Einführung |
Krankenrevier
und medizinische Experimente
Das Revier
wurde außerdem im Zeitraum vom 1. August 1942 bis zum 16. August 1943
zum Schauplatz pseudomedizinischer Experimente, die SS-Ärzte unter Leitung
von Prof. Dr. Karl Gebhardt an 74 polnischen Gefangenen und 12 Häftlingen
anderer Nationalität durchführten. Es handelte sich um Knochen-, Muskel-
und Nervenentnahmen sowie um Operationen, die Infektionen (Gasbrand) hervorrufen
sollten, um daran die Erfolgsaussichten einer Behandlung mit Sulfonamiden
zu widerlegen.
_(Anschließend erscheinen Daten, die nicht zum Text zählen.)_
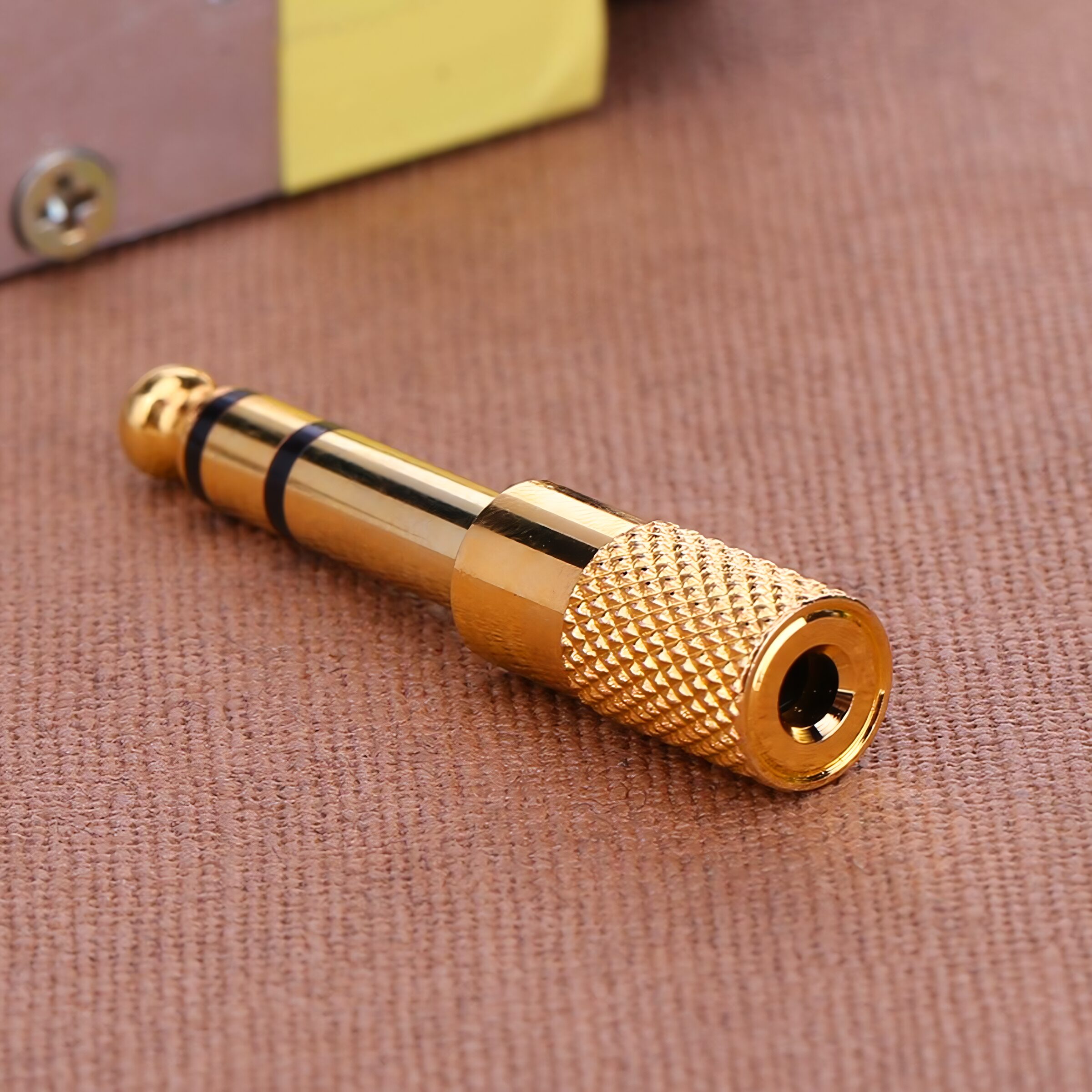 Adaptador de audio estéreo 6.5 mm macho a 3.5 mm hembra tipo plug auxiliar, carcasa metálica con aislante negro, ideal para conectar audífonos o cables auxiliares en amplificadores y equipos de sonido AA36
Im Lagerjargon erhielten die operierten Frauen die Bezeichnung
„(Versuchs-) Kaninchen“. Fünf der polnischen „Kaninchen“ und die zwölf
Häftlinge anderer Nationalität starben unmittelbar nach den Operationen,
sechs weitere wurden kurze Zeit später mit noch nicht verheilten Wunden
erschossen. Darüber hinaus wurden in Ravensbrück Anfang 1945 etwa 120
bis 140 Frauen und Mädchen der Sinti und Roma - die jüngsten von ihnen
waren acht Jahre alt - Sterilisationsexperimenten unterworfen, an deren
Folgen zahlreiche Opfer starben. Im gleichen Zeitraum wurden auch im Männerlager
Sterilisationen an einer Reihe von Sinti und Roma durchgeführt, deren
jüngste Opfer ebenfalls noch im Kindesalter waren. Ab Mitte 1941 begann
die SS in einigen Männerlagern (Mauthausen, Buchenwald, Sachsenhausen,
Neuengamme, Dachau, Flossenbürg, Mittelbau-Dora) Bordelle einzurichten.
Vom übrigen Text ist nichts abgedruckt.